I have a dataset of logons. I want to count how many users connected to each computers using pandas builtin functions only. I need the result dataset to be the same size as the original, so for each time 1 computer appears in the original table it will apear in the result table with the same number of logons:
So if this is the original table:
Computer | User |
---|---|
computer1 | user1 |
computer1 | user2 |
computer1 | user3 |
computer2 | user1 |
computer2 | user1 |
computer3 | user1 |
computer3 | user2 |
computer3 | user2 |
I want the result table to be like this:
Computer | User_Count |
---|---|
computer1 | 3 |
computer1 | 3 |
computer1 | 3 |
computer2 | 1 |
computer2 | 1 |
computer3 | 2 |
computer3 | 2 |
computer3 | 2 |
With simple lists it works for me:
result = []
num_of_computers = {}
for user in set(user_and_computer):
computers = []
for logon in user_and_computers:
if user == logon[0]:
computer.append(logon[1])
num_of_computers[user] = len(computers)
for user in user_and_computer:
result.append(num_of_computers[user[0]]
Also, I have tried to count is with a condition on a third column (Fail or Success), to count only successful logons:
result = []
num_of_computers = {}
for user in set(user_and_computer):
computers = []
for logon in user_and_computers:
if user == logon[0] and logon[2] == 'Success':
computer.append(logon[1])
num_of_computers[user] = len(computers)
for user in user_and_computer:
result.append(num_of_computers[user[0]]
In this case the result table is still the same size as the original table, and it only count successful logons. If there is a computer that all the logons to it were failed the result table will show this computer with 0 for each time this computer appears in the original table.
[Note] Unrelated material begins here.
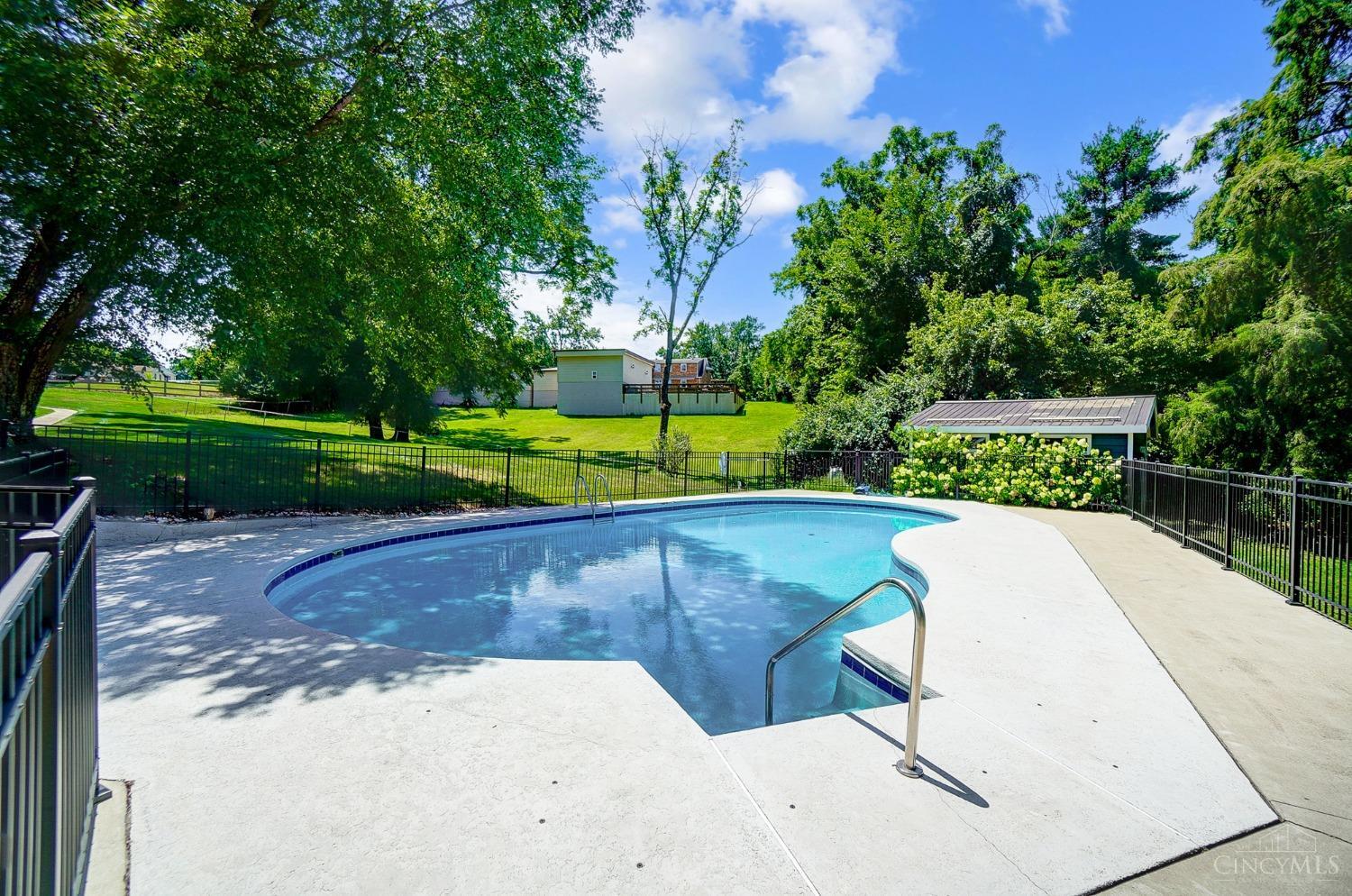 6023 Ramblingridge Drive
And one more thing, I am new to pandas, dataframes and tables, and I would like to know how do you describe tasks like this without using examples, like, how should I name my question to make it more general.
Use GroupBy.transform
with DataFrameGroupBy.nunique
, for count only Success
rows repalce not matched User
to missing values by Series.where
:
print (df)
Computer User Type
0 computer1 user1 Fail
1 computer1 user2 Success
2 computer1 user3 Fail
3 computer2 user1 Success
4 computer2 user1 Fail
5 computer3 user1 Success
6 computer3 user2 Fail
7 computer3 user2 Success
df['User_Count'] = df.groupby('Computer')['User'].transform('nunique')
df['User_Count_Success'] = (df['User'].where(df['Type'].eq('Success'))
.groupby(df['Computer'])
.transform('nunique'))
print (df)
Computer User Type User_Count User_Count_Success
0 computer1 user1 Fail 3 1
1 computer1 user2 Success 3 1
2 computer1 user3 Fail 3 1
3 computer2 user1 Success 1 1
4 computer2 user1 Fail 1 1
5 computer3 user1 Success 2 2
6 computer3 user2 Fail 2 2
7 computer3 user2 Success 2 2
Details:
print (df['User'].where(df['Type'].eq('Success')))
0 NaN
1 user2
2 NaN
3 user1
4 NaN
5 user1
6 NaN
7 user2
Name: User, dtype: object